Во входную дверь позвонили. Светлана открыла соседу.

– Света! Я потерял голову! – начал с порога Митька.

– Неужели в первый раз? – спросила за внучку Зоя Алексеевна.

– Да, так впервые. Свет, а ты? Что, куда-то собираешься? Я надеялся на рассказ о том, где и как ты отыскала своего хахаля.

– Ну вы что, сговорились, что ли? «Хахаль», «обезьян» – ну зачем так?

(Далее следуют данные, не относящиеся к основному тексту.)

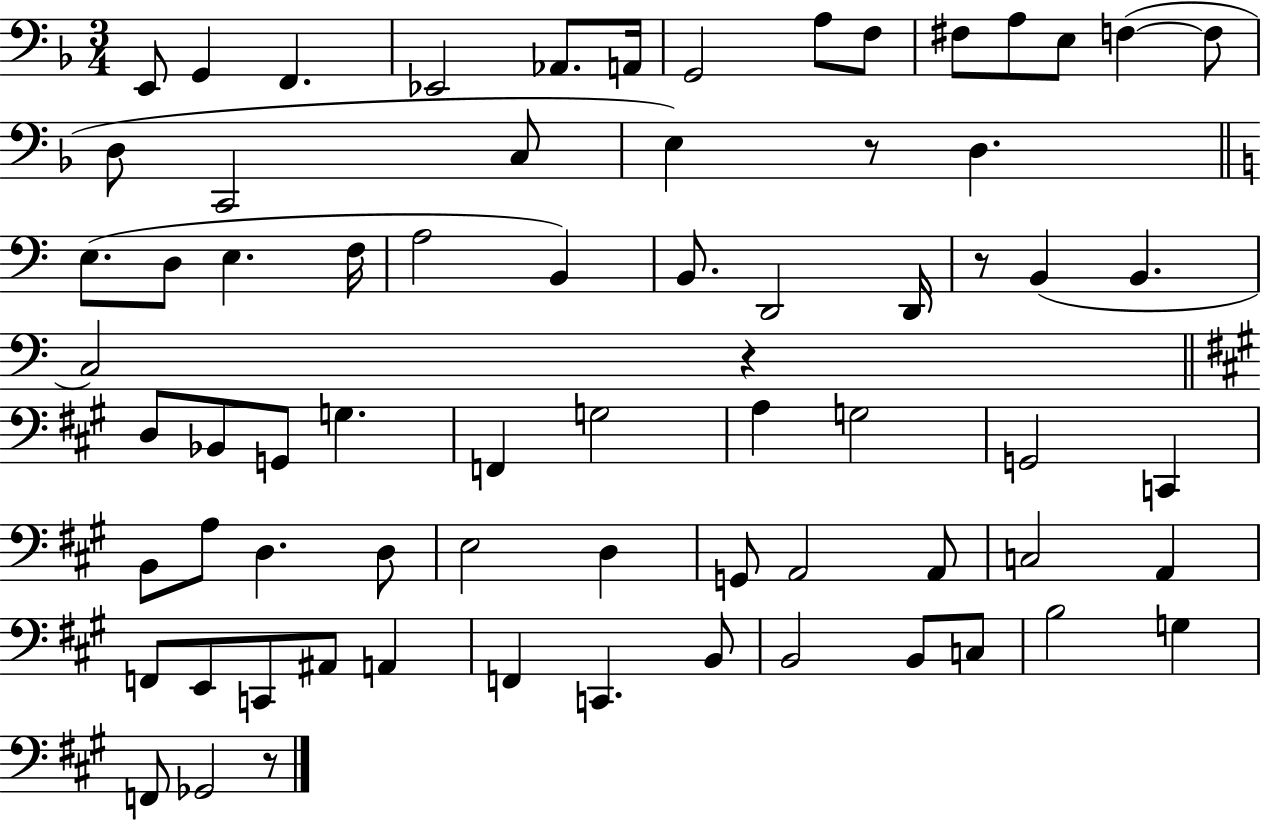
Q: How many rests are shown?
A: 4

Тем более я сама еще не разобралась, – и в глазах Светы блеснули слезинки.

– Поезжай, внучка, разберись, а я за тебя Лампочку Ильича выслушаю и пару советов ему дам, чтобы голова на месте оставалась.

Убранство квартиры Арсения показалась Светлане очень лаконичным, и не то чтобы современным и не мужским, а просто функционально удобным. Не ускользнуло от Светы и то, что ничего не выдавало присутствия здесь ранее какой-либо женщины.

– Ищешь следы моих любовниц? – не удержался Арсений от вопроса, перехватив взгляд девушки.

– Любовниц? Их здесь было много? Я думала, вы жили с Кристиной.

– Нет. Она бывала здесь. Иногда. Редко. Но не жила никогда.

– Почему?

– Слушай, Голубева, только ты можешь задавать подобные вопросы своему мужчине о его бывших женщинах.



– А ты мой?

– Есть сомнения?

– Скорее, уверенность пошатнулась.

– Постараюсь ее зацементировать.

– Все будет зависеть от твоего рассказа.

– Пойдем на кухню. Поставим чайник.

Светлана пошла следом за Арсением. Они прошли через светлый коридор и вошли в следующее помещение, которое несколько поразило гостью. Вначале ее удивил не совсем обычный цвет стен и потолка. Словно красивейший закат оставил свою палитру – от темно-серого через сиреневый и нежно-оранжевый к едва уловимым оттенкам желтого и розового.

– Я видела такой закат только раз в жизни. Помнишь, мы всем классом в Питер ездили, и там в один из дивных вечеров…

– Я тебя поцеловал.

– Может, поэтому мне и запомнились все цвета незабываемого захода солнца.

– Как видишь, мне тоже.

– Сень, какая фотография! Зачем она на кухне? Ты открываешься для меня с какой-то новой стороны, – девушка кивнула в сторону висевшего на стене сделанного во время их школьных лет снимка. На нем они были впятером: Светлана, Ксения, Арсений и Максим с Настей.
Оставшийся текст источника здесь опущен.